Several companies have followed EMC’s lead and are delivering content-addressable storage systems. These produce unique file references based on a file’s contents, hence content-addressable. These references are built using a mathematical method. In the case of EMC’s Centra a 27-character key is constructed for each file. The method used is termed a hash algorithm. What is it and why are CAS systems appearing?

CAS address the storage of fixed-content data; mortgage records, insurance policies, health records. Such data may be stored for a long time, many years, but be accessed rarely. Nevertheless it has to be kept. Other such data consists of e-mails, now having to be retained for regulatory reasons. There can be millions of such files and two problems exist; one is regulatory in nature and the other is simply finding the file of interest.

The regulatory problem is simply knowing that the file you are looking at is the file originally stored and not some corrupt copy. The number problem is the time taken to find one mortgage record out of 5 million. It’s easier to find one record out of a list of ten records than one in a list of ten million.

A way is needed to subdivide the list of ten million into many smaller lists or pots.

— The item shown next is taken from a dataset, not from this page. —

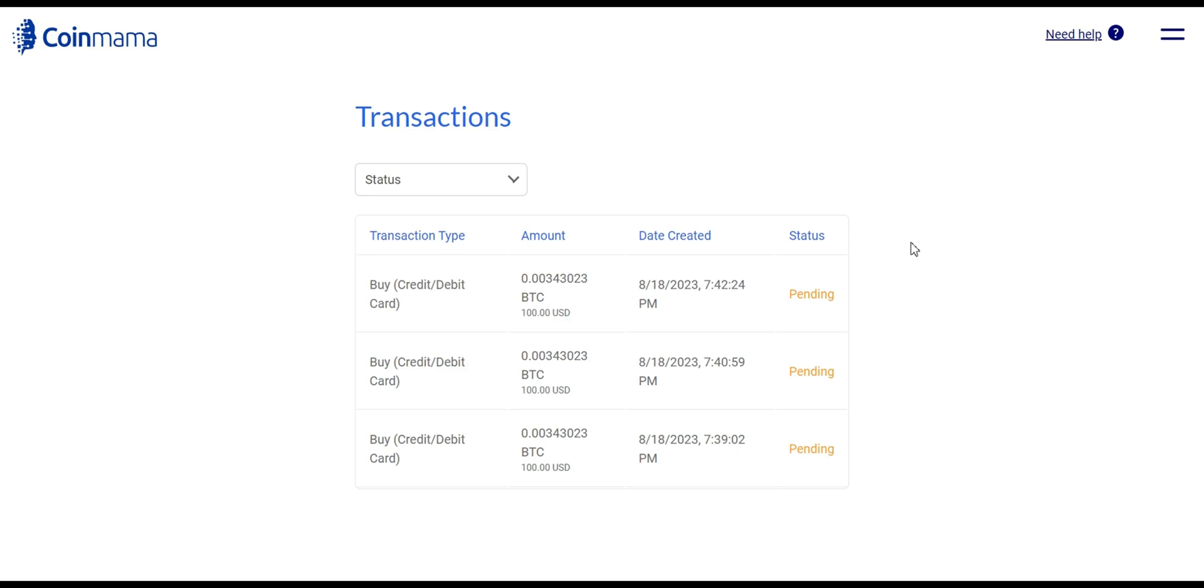We hope this step-by-step guide has been valuable in helping you navigate the platform and make your first Bitcoin purchase. For more informative content on cryptocurrencies, blockchain technology, and trading, don't forget to like and subscribe to our channel.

The method used is called ‘hashing’ and involves the construction of a key or hash that represents some aspect of the file: its name; its date; its contents; a combination. It doesn’t matter so long as the hash uniquely represents the file and cuts down the search space for finding it.

The idea of hashing started in the earliest days of computing. The first true electronic computers began to run in 1949 and 1950. A proposal for hash search was described by Hans Peter Luhn in an IBM technical memorandum in 1953. What he wanted was a function that would deliberately abuse keys producing practically the equivalent of the mathematical concept of uniformly distributed random variables.[bashe86] The uniform distribution of hashes would cut down search time.

Searching can be made more efficient if one can quickly narrow one's search by locating a subset of items to search. This is a general search problem, one not specific to fixed-content data storage. Each item is characterized by its hash or key, which uniquely identifies it; such as an employee-number. Hashing creates a subset of items to search by computing from the key a characteristic value, called the hash, and then groups items with the same or similar hash; the group is called a bin. It may be termed a hash table.

There are several methods for grouping items; the most common makes a linked list of the items with the same hash. To retrieve an item the program computes the hash from the key that you want to search for, and it then searches for the item in the bin associated with the hash.

If item keys are the names of people and one uses the first character of the last name as the hash, then a hash search will work well for last names starting with X, because not many last names start with X. But the search works poorly for finding Mr. John Smith, because there are many names that begin with S.

A clean hash function, when given a series of keys, gives back a reasonable approximation of a uniform random distribution of hashes. (This is the problem Luhn, the IBM researcher, was focussed on.) This means that all bins will probably be about the same size, so that, on the average, searching will take about the same amount of time to find a record, any record, in any bin.

Hash searching is the most powerful method of retrieving data known. It works well even with rather poor hash functions, that is those that do not distribute the input cleanly. It is so powerful that most automated retrieval mechanisms today are based on hashing.

Spell checker example

The method of creating a hash from an element of a file or record is called a hash function or algorithm. A general hash function rule is simply that all of the bits in the key must be used.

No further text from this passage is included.